4.2.1     The Membership Royalty Fee. For each month during the term of this Agreement, Franchisee shall pay Franchisor an amount equal to five percent (5%) of the Membership Revenues (as defined below) of the Club (the "Membership Royalty Fee"); however, for each such month, Franchisee shall pay Franchisor a Membership Royalty Fee of not less than Four Hundred Ninety Five Dollars ($495) but not more than Seven Hundred Ninety Five Dollars ($795).

4.2.2    The Overall Royalty Fee. For each month during the term of this Agreement, Franchisee shall pay Franchisor an amount up to ten percent (10%) of the Club's Non-Membership Revenues (as defined below).

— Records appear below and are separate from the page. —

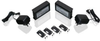 Hdmi Cat5E/cat6 Audio & Video Extender; Product Range Iogear - 60T5840 - Newark, An Avnet Company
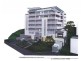 Gosford NSW 2250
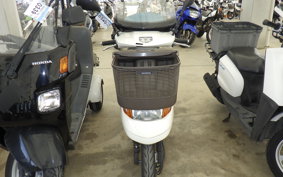 HONDA DIO CESTA GEN 2 AF68
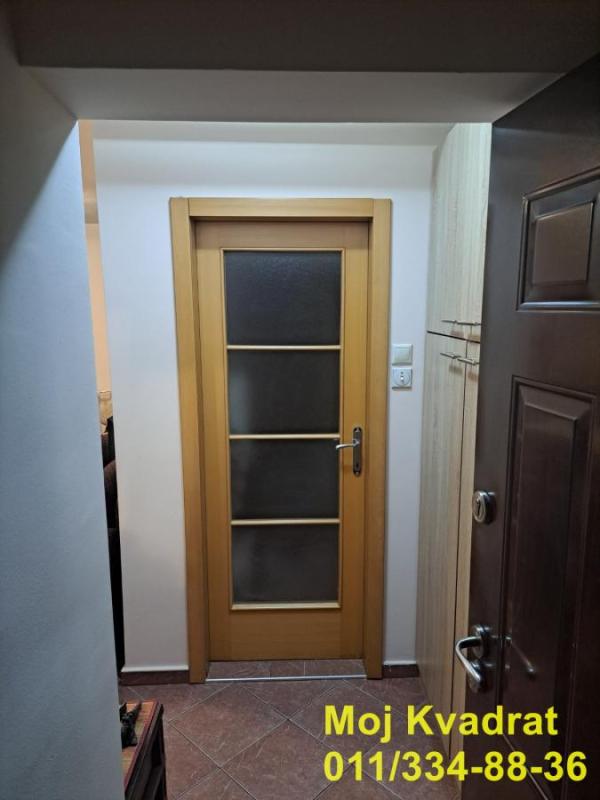 Slika 6 - Jednosoban stan na prodaju, 32m2, 99.000€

4.3       The parties agree that all fixed dollar amounts set out in this Agreement are subject to adjustment, up or down, depending on changes in the Index. For the purpose of this Agreement, the term "Index" is agreed to mean the Consumer Price Index (1982-84= 100: all items; CPI-U; all urban consumers) published by the U.S. Bureau of Labor Statistics (or if the Index is no longer published, a successor index that Franchisor may reasonably specify in the Manuals or otherwise in writing). Adjustments to fixed dollar amounts set out in this Agreement shall be made no more than once each year by Franchisor, in writing, and the first such adjustment shall not be made until at least two (2) years after the date of this Agreement.

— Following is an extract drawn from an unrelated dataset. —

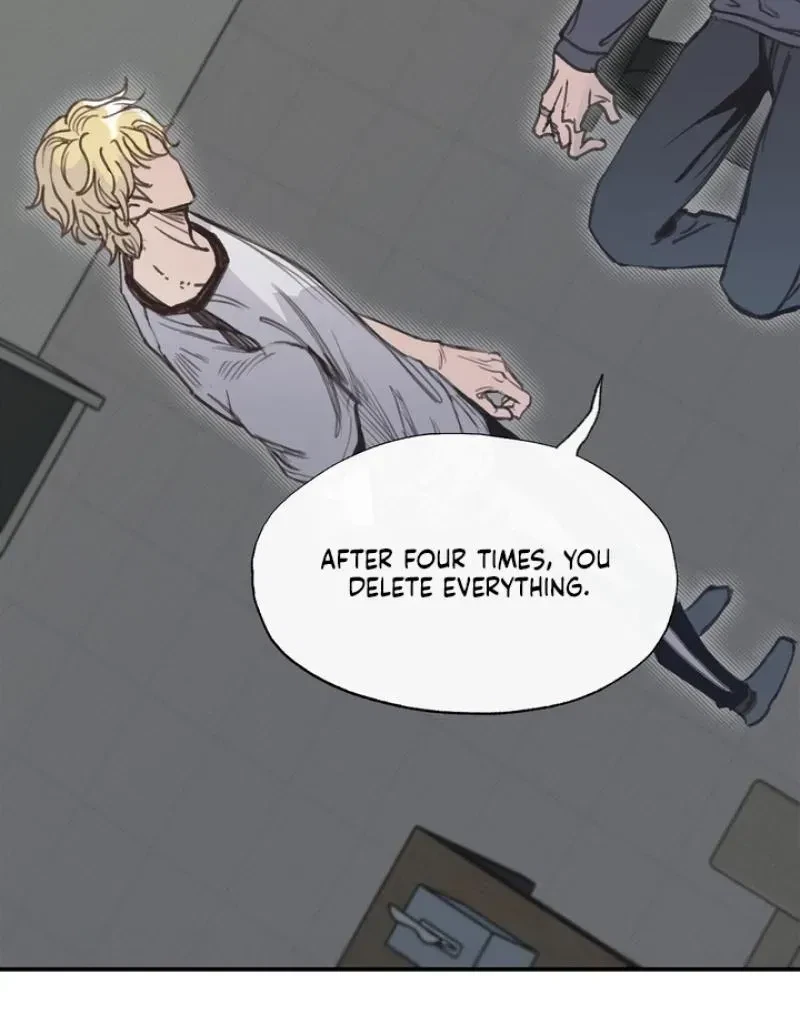 Chapter 5, page 30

4.4       As used in this Agreement, the following terms have the following meanings:

4.4.1     "Gross Revenues" shall mean Non-Membership Revenues and Membership Revenues, combined.

4.4.2    "Membership Revenues" shall mean all revenue from the sale of memberships or similar rights to use the Club's facilities, and any ongoing, upgrade, and/or renewal fees, whether for cash, credit or otherwise (and regardless of collection in the case of credit), but not including sales and/or other taxes collected from customers by Franchisee and actually transmitted to the appropriate taxing authorities.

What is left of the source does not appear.